In response to the current global extinction crisis and to preserve life on this planet, in 2017, Fundación Rewilding Argentina created the Marine Conservation Program.

Between 2017 and 2022, under the No Blue No Green (Sin Azul No Hay Verde) movement, we fostered the creation of the first National Marine Parks in Argentina, prevented the salmon industry from operating in the Beagle Channel in Tierra del Fuego, and helped create Península Mitre Natural Protected Area, which protects a critical place for carbon capture in Argentina and for fighting the global climate crisis.
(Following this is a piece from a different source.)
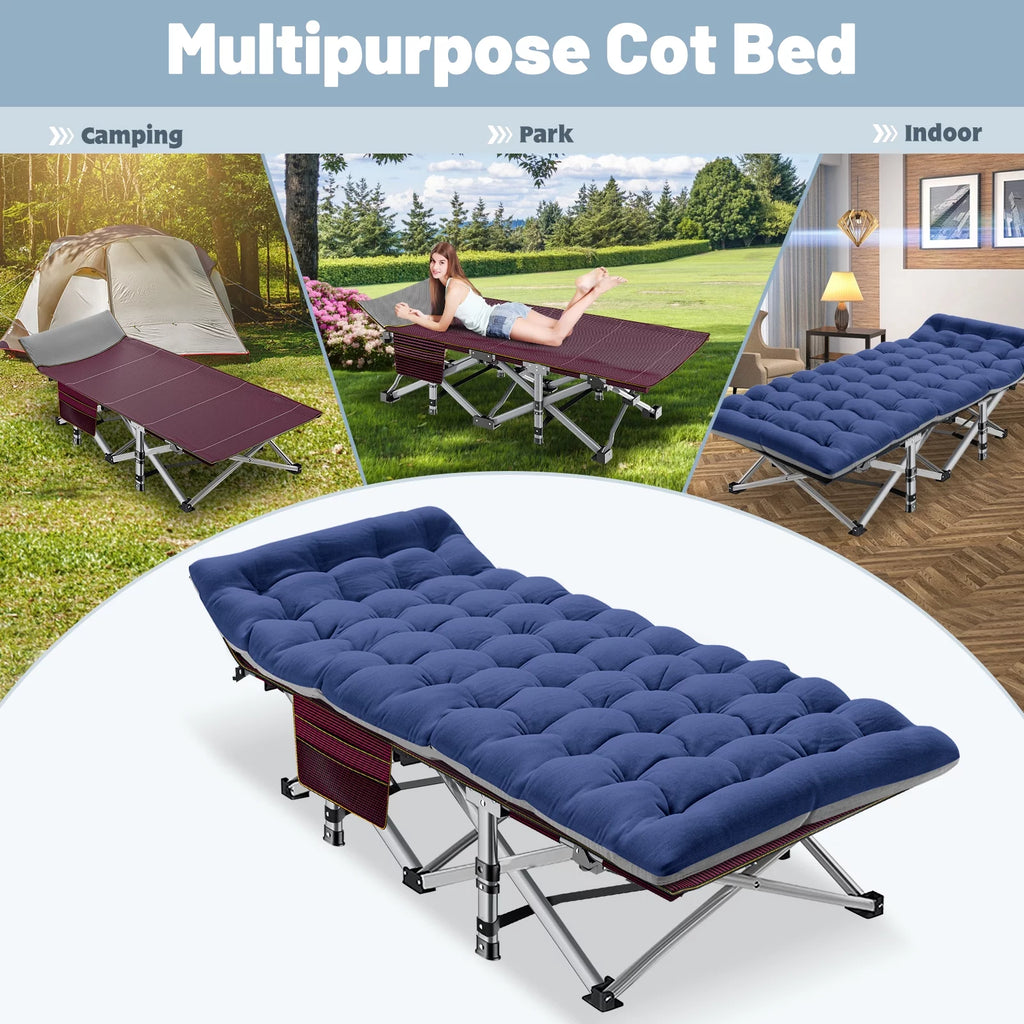Folding Camping Cot with Cotton Pad & Carry Bag J353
Since 2022, we have centered our marine conservation efforts on the Patagonia Azul Project on the coast of Chubut. The project aims at strengthening the protection of marine ecosystems, working for their ecological restoration, and boosting the development of a local, restorative economy through various programs we carry out along with municipalities and communities.

Patagonia Azul Project

The future Patagonia Azul Park lies on the coast of the province of Chubut, within the Patagonia Azul Biosphere Reserve. The area harbors over sixty key islands and sheltered bays where various marine birds and mammals feed, breed, and nest. Patagonia Azul represents a unique opportunity for conserving and recuperating natural ecosystems through rewilding while fostering a new, restorative local economy that allows people and wildlife to thrive.

Península Mitre

Ecosystems

Peat bogs, meadows and marshes, Patagonian mountain forest and kelp forests.

Carbon Sequestered

318.6 million metric tons

Conservation Value

Species that are vulnerable to or at risk of extinction, like the southern river otter, the humpback whale and the Common Steamer duck.

Península Mitre Natural Protected Area is located in the farthest east part of the Isla Grande de Tierra del Fuego, at the southern tip of Argentina. The protected area covers approximately 300,000 hectares of land and 200,000 hectares of sea, including the waters that surround Isla de los Estados. It protects 84,4% of Argentina’s peatlands, which make it the most significant area of carbon sequestration in the country—a key tool to fight the climate crisis.

Furthermore, the coasts of Península Mitre concentrate 30% of macroalgae forests of the Argentine Sea. These “submarine forests” are considered one of the most productive ecosystems in the world due to its amazing capacity to sequester carbon.

This region has managed to stay almost completely intact, in its original wild and indomitable state.  Its off-shore waters are a union of two oceans, the Pacific and the Atlantic, a productive commingling in which inhabit, migrate and feed numerous species that are vulnerable, threatened and endangered of extinction, like the humpback whale and the flightless steamer duck in the sea and the southern river otter on the land. 

In addition, there are vestiges of the Haush indigenous culture, evidence of more than 500 shipwrecks and an infinite number of species of marine and terrestrial flora and fauna.

Peninsula Mitre

A project with thirty years of history

The first exploratory expedition that was done on Península Mitre took place more than thirty years ago, and during this survey the need to conserve the area was identified. The different bills that have been presented to protect the region have been transformed over time; however, all shared the same spirit of conservation and the final goal to designate the peninsula as a Natural Protected Area.  

Up until the present, the natural attributes and the archeological remains found there have largely been preserved. But this area faces new challenges such as theft of archaeological treasures, the pressure from exotic species, and, more than anything, the consequences of an extractive economic mode that puts at risk the very elements that make this place a unique natural area and an exceptional treasure for humanity.

Yaganes and Namuncurá-Banco Burdwood ll Marine National Parks

Ecosystem

Ocean of the Continental Shelf.

Combined Area

90,000 square kilometers.

Important Conservation Attributes

Large marine, almost pristine areas, which are key feeding sites for a vast amount of marine mammals and birds, among them the fin whale, the sei whale, and the cachalot.

Yaganes and Namancura-Banco Burdwood II National Parks

Yaganes and Namuncurá-Banco Burdwood II were the first marine national parks created within the Argentine Marine Protected Areas System in December 2013.

The Namuncurá-Banco Burdwood II National Marine Park includes sea beds 4000 meters deep and submarine canyons that contain abundant biodiversity. This region is part of a crucial migratory route for numerous mammals and birds, who find there an important source of food on their long journeys.